About the black voice, as several scholars have already said (Domício Proença Filho, Zilá Bernd, Florentina Souza, Eduardo de Assis Duarte, other relevant researchers, and poets such as Manuel Bandeira, José Carlos Limeira, Landê Onawale, among countless ), the voice of Luiz Gama is certainly one of the forerunners. Once again, it is worth highlighting the fundamental edition First Burlesque Trovas and Other Poems by Luiz Gama (published in 2000), organized by Lígia Fonseca Ferreira.
That name, Luiz Gama, affiliated with a line of social and racial dissatisfaction, but also of literary enjoyment, with the exception, represents a lot for all lovers of justice and democratic struggles, who, like him, fight for “all the poor, all the unhappy ones”.
It is good to find in this book a significant section of his articles about the rights to freedom and another section with poems that translate his disconcerting literary themes. These clippings, in different languages, but not so distant, confess Luiz Gama's main interests.
He was a man, he became a humanitarian emblem, he waved to a feeling of collectivity, as he was incapable of feeling complete in a world riddled with levity. The memory of him remains as long as the summoning of hope. It is essential to disseminate Gama's thinking and his firm ideal of justice.
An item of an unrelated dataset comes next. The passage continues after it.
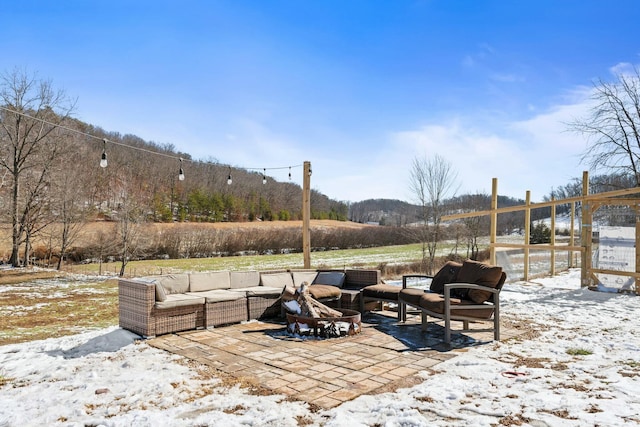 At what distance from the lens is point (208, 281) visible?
607 centimetres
This ideal is conjugated and translated, as already mentioned, in his general writings, whether in articles and letters, or in verses. Next, I indicate brief models of this conjugation of the ideal in the verses of the poem “What world is this?” and in the excerpt from the article “Emancipation at the foot of the letter”. I ask the reader to pay attention both to the verses “I see the free made a slave/ By the laws of arrogance” as well as the phrase “even today, I have the power of art”, which in my view express how the lines of critical prose converse with the poetic lines in Luiz Gama’s production. Perhaps these few lines, although extracted from their contexts, can indicate that the adopted forms served the same mission to dismantle iniquity:
What world? what world is this?
From the depths of the breast of this soul
I see... what a cold calm
Of humans in the wild!
I see the free made a slave
By laws of arrogance;
I see the wealth in dementia
postponing nature
(poem “What World is This?”)
“To the positivism of soft slavery I place that of freedom revolutions; I want to be crazy like John Brown and like Spartacus, like Lincoln, like Jesus; I hate, however, Pilate's self-righteous calm.
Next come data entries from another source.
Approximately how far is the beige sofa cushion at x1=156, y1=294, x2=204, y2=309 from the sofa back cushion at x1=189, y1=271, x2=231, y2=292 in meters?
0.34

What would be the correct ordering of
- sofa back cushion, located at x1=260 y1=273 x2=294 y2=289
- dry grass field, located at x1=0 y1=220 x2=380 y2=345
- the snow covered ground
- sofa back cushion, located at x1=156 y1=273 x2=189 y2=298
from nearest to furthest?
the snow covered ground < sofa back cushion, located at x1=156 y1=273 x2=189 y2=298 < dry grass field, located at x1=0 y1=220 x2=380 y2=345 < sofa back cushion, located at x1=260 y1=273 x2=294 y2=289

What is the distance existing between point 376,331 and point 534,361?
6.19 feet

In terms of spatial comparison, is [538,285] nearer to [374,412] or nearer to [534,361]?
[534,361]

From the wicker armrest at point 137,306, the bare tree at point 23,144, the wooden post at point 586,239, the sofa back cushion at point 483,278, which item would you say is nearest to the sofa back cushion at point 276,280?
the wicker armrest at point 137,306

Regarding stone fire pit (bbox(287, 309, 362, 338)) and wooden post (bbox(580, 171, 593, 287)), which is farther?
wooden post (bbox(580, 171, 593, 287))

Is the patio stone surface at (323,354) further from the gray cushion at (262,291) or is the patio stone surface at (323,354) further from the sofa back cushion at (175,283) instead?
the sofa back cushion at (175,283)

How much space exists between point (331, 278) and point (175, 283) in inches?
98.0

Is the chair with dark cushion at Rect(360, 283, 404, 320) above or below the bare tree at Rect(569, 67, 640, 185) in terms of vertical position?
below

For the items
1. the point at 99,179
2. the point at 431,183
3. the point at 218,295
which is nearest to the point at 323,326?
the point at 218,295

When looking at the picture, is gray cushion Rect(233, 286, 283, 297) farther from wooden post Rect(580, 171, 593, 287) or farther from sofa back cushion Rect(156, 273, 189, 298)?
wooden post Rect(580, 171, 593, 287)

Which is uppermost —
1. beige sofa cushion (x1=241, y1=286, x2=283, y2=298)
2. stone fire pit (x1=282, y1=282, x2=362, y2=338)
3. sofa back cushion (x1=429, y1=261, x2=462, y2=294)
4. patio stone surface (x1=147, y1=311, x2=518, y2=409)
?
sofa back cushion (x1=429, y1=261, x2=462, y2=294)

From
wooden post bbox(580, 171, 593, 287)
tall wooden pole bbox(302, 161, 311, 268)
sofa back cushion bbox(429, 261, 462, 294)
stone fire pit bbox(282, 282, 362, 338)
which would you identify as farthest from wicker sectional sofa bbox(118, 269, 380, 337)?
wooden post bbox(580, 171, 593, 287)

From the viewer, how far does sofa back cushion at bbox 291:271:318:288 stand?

I was, in other times, when I punctuated rhymes, a maker of satire, in the form of caps, and even today, I have the turn of art.
(Article “Emancipation at the foot of the letter”, from 1880)
In this edition, the reader will find the texts mentioned in this preface in full.
As has been said, those who already know or who are getting to know Luiz Gama will find in this book clippings of the thought of a great citizen in two forms, prose (letters and articles, such as the fundamental Letter to Lúcio de Mendonça) and poetry (from the second edition of First Trovas Burlescas by Getulinoit's the "My loves", as featured in the magazine lame devil).
This collection of articles and poems is, therefore, an invitation to the freedom movement, to the struggle for better days, to the search for justice, food for all, the eradication of poverty, exploitation. I consider a publication very appropriate in current times that reinvigorates the countenance of Luiz Gama, a unique example of a Brazilian.
* Silvio Roberto dos Santos Oliveira Professor of Brazilian Literature at the State University of Bahia.
Reference
Luiz Gama – anthology. Organized by Enid Yatsuda Frederico and Cláudia de Arruda Campos. São Paulo, Popular Expression, 2021, 128 pages.